La copertina del libro

Fustigatore di costumi, si trovò a contestare apertamente un’edizione della Biennale con un corsivo corrosivo e caustico per non dire degli attacchi rivolti ad alcuni eventi culturali finanziati dallo Stato per cui fecero le spese alcuni noti artisti dell’epoca. Secondo Luca Doninelli, intervistato in appendice del volume in oggetto da Gnocchi (le altre due conversazioni sono con Vittorio Feltri e Giuseppe Frangi), Testori ha avuto più di tutto un grande merito: “Leggere ciò che scriveva ci aveva fatto capire che esistevano parole che rendevano possibile vivere insieme.

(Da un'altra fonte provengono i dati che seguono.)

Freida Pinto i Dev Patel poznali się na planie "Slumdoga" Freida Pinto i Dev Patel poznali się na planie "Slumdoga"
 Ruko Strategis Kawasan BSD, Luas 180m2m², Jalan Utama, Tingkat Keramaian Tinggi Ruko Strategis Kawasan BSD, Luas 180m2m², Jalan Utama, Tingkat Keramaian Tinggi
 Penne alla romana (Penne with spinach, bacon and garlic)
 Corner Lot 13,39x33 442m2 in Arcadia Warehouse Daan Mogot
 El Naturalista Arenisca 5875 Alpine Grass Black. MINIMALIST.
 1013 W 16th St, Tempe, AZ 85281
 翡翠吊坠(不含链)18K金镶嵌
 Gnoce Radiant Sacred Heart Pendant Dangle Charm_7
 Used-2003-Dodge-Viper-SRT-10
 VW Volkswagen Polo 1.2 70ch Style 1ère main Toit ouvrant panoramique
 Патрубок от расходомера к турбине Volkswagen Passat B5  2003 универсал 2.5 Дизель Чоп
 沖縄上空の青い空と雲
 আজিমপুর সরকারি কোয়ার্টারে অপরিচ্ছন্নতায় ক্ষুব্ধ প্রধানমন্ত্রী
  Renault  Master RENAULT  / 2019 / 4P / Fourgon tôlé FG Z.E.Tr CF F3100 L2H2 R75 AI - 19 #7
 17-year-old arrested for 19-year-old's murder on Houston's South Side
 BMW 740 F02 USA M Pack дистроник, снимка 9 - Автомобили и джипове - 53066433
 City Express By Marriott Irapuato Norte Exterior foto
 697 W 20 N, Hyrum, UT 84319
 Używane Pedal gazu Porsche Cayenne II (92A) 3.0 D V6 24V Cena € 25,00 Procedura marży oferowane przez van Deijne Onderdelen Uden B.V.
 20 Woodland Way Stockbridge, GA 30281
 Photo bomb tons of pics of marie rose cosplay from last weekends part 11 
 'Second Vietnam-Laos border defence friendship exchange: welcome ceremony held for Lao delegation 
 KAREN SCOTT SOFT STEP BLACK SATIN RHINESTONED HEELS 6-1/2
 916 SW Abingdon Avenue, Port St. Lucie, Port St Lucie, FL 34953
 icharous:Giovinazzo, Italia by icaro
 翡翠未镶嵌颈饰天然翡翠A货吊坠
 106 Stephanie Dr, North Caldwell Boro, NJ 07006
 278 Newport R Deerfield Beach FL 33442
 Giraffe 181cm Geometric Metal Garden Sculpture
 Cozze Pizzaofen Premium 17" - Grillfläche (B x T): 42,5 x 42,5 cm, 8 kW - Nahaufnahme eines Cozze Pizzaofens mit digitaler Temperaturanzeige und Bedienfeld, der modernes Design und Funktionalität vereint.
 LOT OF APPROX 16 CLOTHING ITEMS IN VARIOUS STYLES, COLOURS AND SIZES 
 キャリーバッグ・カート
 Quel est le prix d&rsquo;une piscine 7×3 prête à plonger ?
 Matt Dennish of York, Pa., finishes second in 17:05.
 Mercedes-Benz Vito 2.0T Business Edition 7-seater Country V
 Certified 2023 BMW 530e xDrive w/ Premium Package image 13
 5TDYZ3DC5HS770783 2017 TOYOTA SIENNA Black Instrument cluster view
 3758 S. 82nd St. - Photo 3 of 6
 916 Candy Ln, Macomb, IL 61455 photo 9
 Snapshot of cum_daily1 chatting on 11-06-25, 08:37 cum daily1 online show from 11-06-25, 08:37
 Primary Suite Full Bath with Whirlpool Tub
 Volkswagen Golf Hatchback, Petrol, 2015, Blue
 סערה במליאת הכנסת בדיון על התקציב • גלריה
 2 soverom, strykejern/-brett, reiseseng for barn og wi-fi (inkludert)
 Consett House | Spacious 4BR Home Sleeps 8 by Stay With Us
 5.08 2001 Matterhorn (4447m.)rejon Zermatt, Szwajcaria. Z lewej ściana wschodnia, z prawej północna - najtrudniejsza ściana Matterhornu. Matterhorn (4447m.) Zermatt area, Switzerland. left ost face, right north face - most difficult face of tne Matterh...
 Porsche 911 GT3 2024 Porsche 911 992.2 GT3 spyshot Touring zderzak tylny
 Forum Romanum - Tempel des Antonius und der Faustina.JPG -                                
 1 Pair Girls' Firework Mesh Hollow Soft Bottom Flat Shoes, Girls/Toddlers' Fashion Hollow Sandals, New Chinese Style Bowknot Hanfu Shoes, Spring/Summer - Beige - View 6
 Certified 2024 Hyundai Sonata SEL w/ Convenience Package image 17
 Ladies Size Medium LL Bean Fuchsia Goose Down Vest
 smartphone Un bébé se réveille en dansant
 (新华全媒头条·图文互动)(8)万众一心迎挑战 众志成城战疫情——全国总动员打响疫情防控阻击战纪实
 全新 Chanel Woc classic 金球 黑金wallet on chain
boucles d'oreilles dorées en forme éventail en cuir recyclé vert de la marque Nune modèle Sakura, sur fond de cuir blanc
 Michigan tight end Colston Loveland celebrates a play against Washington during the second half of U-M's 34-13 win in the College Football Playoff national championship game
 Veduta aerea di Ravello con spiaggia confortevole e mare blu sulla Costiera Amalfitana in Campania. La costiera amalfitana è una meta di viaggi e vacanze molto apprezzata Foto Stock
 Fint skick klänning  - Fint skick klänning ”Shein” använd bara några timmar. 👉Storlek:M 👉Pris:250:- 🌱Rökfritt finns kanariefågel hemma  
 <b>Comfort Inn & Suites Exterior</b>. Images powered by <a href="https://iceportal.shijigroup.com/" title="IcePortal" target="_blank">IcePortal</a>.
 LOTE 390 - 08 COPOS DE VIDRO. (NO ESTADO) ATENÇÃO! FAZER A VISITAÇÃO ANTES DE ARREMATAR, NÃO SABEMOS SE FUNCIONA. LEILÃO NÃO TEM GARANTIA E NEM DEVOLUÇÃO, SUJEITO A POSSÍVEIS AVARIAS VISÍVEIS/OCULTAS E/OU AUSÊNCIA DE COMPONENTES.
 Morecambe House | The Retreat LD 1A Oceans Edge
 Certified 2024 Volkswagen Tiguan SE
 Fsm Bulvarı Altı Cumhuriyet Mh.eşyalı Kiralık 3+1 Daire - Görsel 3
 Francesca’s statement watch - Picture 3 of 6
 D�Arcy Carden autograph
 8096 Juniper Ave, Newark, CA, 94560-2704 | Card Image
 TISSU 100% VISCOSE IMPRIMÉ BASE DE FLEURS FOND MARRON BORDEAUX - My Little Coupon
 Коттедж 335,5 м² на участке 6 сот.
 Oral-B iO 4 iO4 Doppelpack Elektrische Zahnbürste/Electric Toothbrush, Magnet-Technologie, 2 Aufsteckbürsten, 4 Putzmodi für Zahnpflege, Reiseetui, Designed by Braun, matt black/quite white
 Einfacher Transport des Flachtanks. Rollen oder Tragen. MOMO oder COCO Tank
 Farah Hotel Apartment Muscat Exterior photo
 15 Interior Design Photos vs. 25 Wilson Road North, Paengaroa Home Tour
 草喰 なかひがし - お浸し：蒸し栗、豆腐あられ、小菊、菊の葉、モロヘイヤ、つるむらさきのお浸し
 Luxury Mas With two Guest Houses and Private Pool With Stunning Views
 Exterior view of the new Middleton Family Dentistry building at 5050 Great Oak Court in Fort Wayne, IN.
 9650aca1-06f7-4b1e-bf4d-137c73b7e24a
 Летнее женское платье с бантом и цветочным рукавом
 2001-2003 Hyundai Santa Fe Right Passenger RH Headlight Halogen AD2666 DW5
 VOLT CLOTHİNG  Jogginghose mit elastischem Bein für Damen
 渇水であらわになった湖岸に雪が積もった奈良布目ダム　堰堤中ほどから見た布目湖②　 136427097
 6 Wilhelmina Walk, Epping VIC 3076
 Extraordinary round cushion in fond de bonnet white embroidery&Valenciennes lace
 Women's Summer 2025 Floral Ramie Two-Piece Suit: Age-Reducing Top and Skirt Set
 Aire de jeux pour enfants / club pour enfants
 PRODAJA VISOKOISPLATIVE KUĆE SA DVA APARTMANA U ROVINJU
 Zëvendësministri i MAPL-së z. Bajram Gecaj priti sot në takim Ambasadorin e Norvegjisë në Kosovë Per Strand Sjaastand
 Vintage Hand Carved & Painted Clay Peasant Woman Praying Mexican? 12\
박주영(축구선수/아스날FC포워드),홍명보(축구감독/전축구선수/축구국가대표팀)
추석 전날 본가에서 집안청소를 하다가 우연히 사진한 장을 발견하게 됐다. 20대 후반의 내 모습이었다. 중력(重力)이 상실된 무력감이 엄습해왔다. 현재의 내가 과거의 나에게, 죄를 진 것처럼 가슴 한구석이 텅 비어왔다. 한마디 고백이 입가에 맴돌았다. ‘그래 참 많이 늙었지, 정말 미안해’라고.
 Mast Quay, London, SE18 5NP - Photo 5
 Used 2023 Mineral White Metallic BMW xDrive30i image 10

La violenza non doveva per forza essere l’orizzonte della società”. Il terrorismo, la religione, l’ambito sociale, la politica divenuta ancella dell’economia e ancora il dramma di Alfredino Rampi, il suicidio di un giovane milanese, i casi di cronaca nera che molti intellettuali avrebbero ignorato: di tutto si interessò nei suoi articoli Testori, a tutto prestò il proprio tempo, soprattutto portando in risalto fatti legati a cittadini anonimi e sconosciuti, nei quali egli vedeva il volto di Cristo, l’aspetto più vero e sincero di quel cristianesimo che tanto lo affascinava pur mantenendo un’inquietudine di fondo. Lo scontro, negli anni in cui scriveva e, di fatto sempre più oggigiorno, è tra secolarizzazione e tradizione: su tale dicotomia si misura il dibattito politico, civile, sociale. Sparite le avanguardie, dissoltesi le grandi visioni di massa, tutto è stato sostituito dal nichilismo, prodotto di una società alla deriva di valori e di princìpi, che non sa più distinguere tra bene e male poiché divenuti un tutt’uno. Come annota lucidamente Gnocchi, anche la critica letteraria e più in generale il giornalismo sono sempre più asserviti ai poteri dominanti in ciò creando un vulnus alla libera e corretta informazione dei cittadini: ebbene Testori, anche in questo, ha rappresentato un’eccezione, rifiutando sempre di accodarsi alle logiche di mercato e scegliendo sempre ciò che non gli conveniva. L’era dei social network con il loro dominio e l’invadenza quotidiana di essi nelle nostre vite erano di là da venire eppure già trent’anni fa questo caparbio e tenace intellettuale aveva messo in guardia da certe pericolose recrudescenze. A cent’anni dalla nascita, di Testori non si può fare a meno: delle sue invettive, della sua lucida concezione dell’uomo e del mondo, del suo appassionato attaccamento alla vita. La sua scrittura è sempre più aria pura in un tempo mefitico.